The inspection results underline the difficulty mid-tier accounting firms face as they try to win a greater share of a market dominated by the Big Four — Deloitte, EY, KPMG and PwC — while ensuring their work meets the regulator’s requirements.
Only 58 per cent of the 12 BDO audits inspected were deemed up to scratch by the Financial Reporting Council, a slight improvement on last year’s score of 44 per cent. Half of the eight Mazars audits examined were of an acceptable standard, the watchdog found.
KPMG recorded a significant improvement, with 84 per cent of its audits in the top category, compared with 59 per cent last year when it was singled out for criticism by the FRC.
The improvement in KPMG’s results “is promising, but is not yet a trend”, the FRC said, adding that it would continue to “closely monitor” the firm’s banking audits, which scored poorly in the previous three years.
Across the seven “tier one” accounting firms, 25 per cent of company audits inspected were deemed to need either some improvement or significant improvement, compared with 29 per cent in 2021.
The scores for audits of large listed companies were better than those at other companies, with only 12 per cent of FTSE 350 inspections needing improvement or significant improvement.
“While it is encouraging to see some improvement in audit quality at the largest audit firms, consistent, long-term improvement is still required across the market,” said Sir Jon Thompson, chief executive of the FRC.
The watchdog has been trying to improve the quality of audits of large UK companies after auditors failed to raise red flags ahead of high-profile corporate failures, such as construction company Carillion and bakery chain Patisserie Valerie. The government has also promised reforms to help mid-tier firms compete with the Big Four oligopoly by requiring large companies to hire a smaller auditor to carry out part of their assessment.
Among the other firms, 83 per cent of PwC’s audits were given the highest score, while Deloitte received 82 per cent.

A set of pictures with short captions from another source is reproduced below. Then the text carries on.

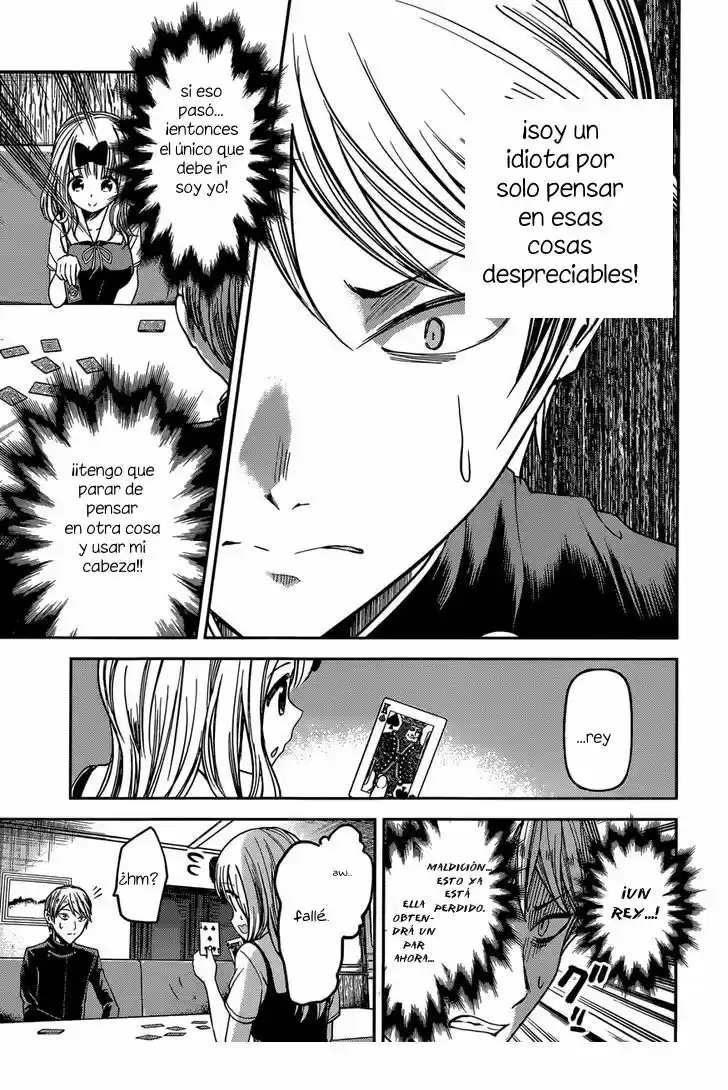 Kaguya-sama Wa Kokurasetai: Tensai-tachi No Ren'ai Zunōsen - Capítulo 34 - Página 13 - LectorTMOo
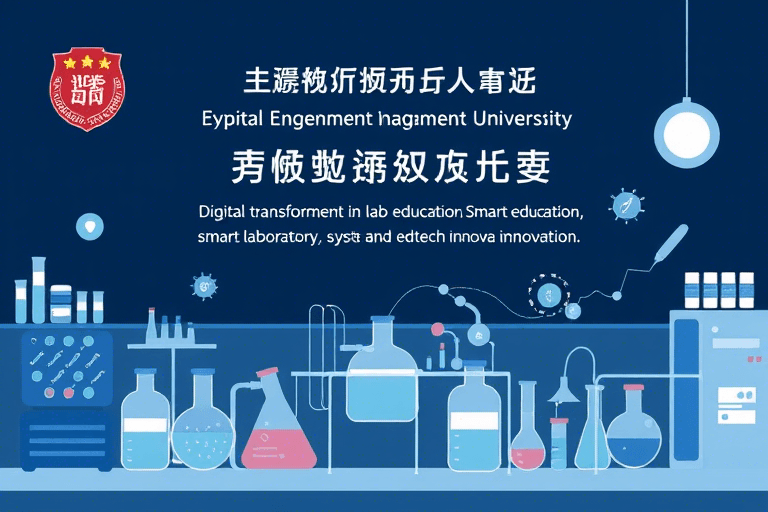 哈工程实验管理系统如何助力高校实验室智能化升级与教学效率提升？
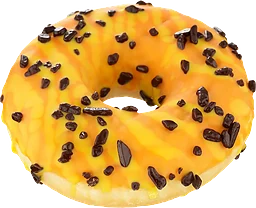 Donut Passionista Donut Worry Be Happy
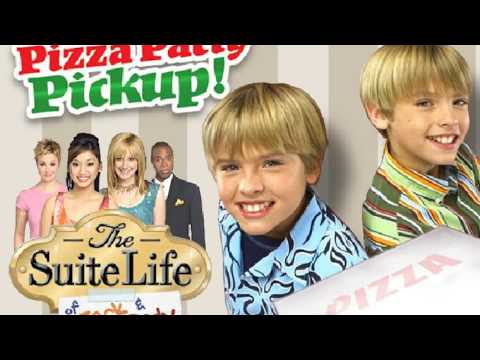 Suite life pizza pickup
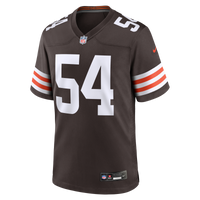 Cleveland Browns Sam Williams Brown jersey – view 5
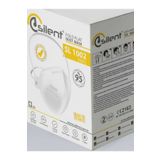 SİLENT Sl1002 Nr Toz Maskesi Ffp2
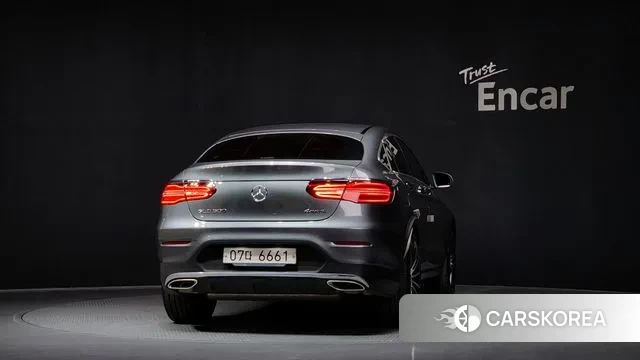 Mercedes-Benz GLC-Class X253 id 3444651 из Кореи 14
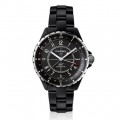 Front of Chanel J12 GMT Matte fashion watch 02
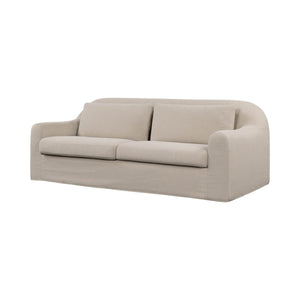Harper Slipcover Sofa - comfortable sofa for modern living | Image 1 | InSTYLE Home & Rugs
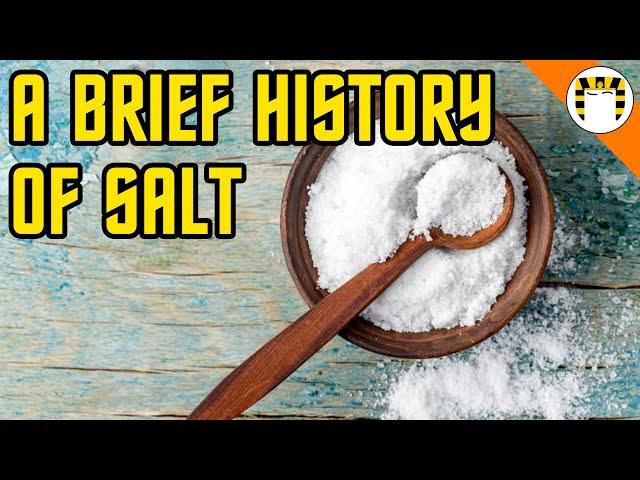 How Salt Defined World History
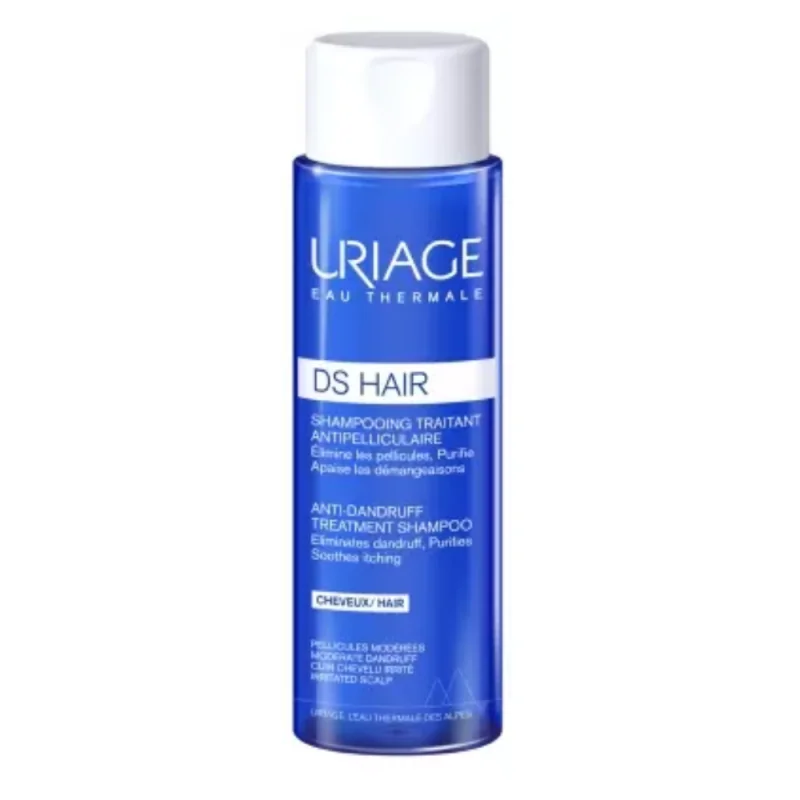 Uriage DS HAIR Shampoing Traitant Antipelliculaire 200 ml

EY’s results dipped, with only 65 per cent of its audits receiving the best score compared with 79 per cent a year ago. However, none of the 17 EY audits inspected were in the bottom category, where the FRC finds significant improvements are needed.
All five audits by Grant Thornton, the UK’s sixth-largest auditor by revenue, were deemed up to scratch. The firm has improved its scores in the past two years, but has not attempted to grow its share of the audit market for large companies.
The FRC also fired a warning shot at auditors seeking to avoid fines or poor inspection scores by limiting their involvement in higher risk audits.
BDO, Mazars and EY said they were disappointed with their inspection results and were investing to increase their resources and the quality of their work.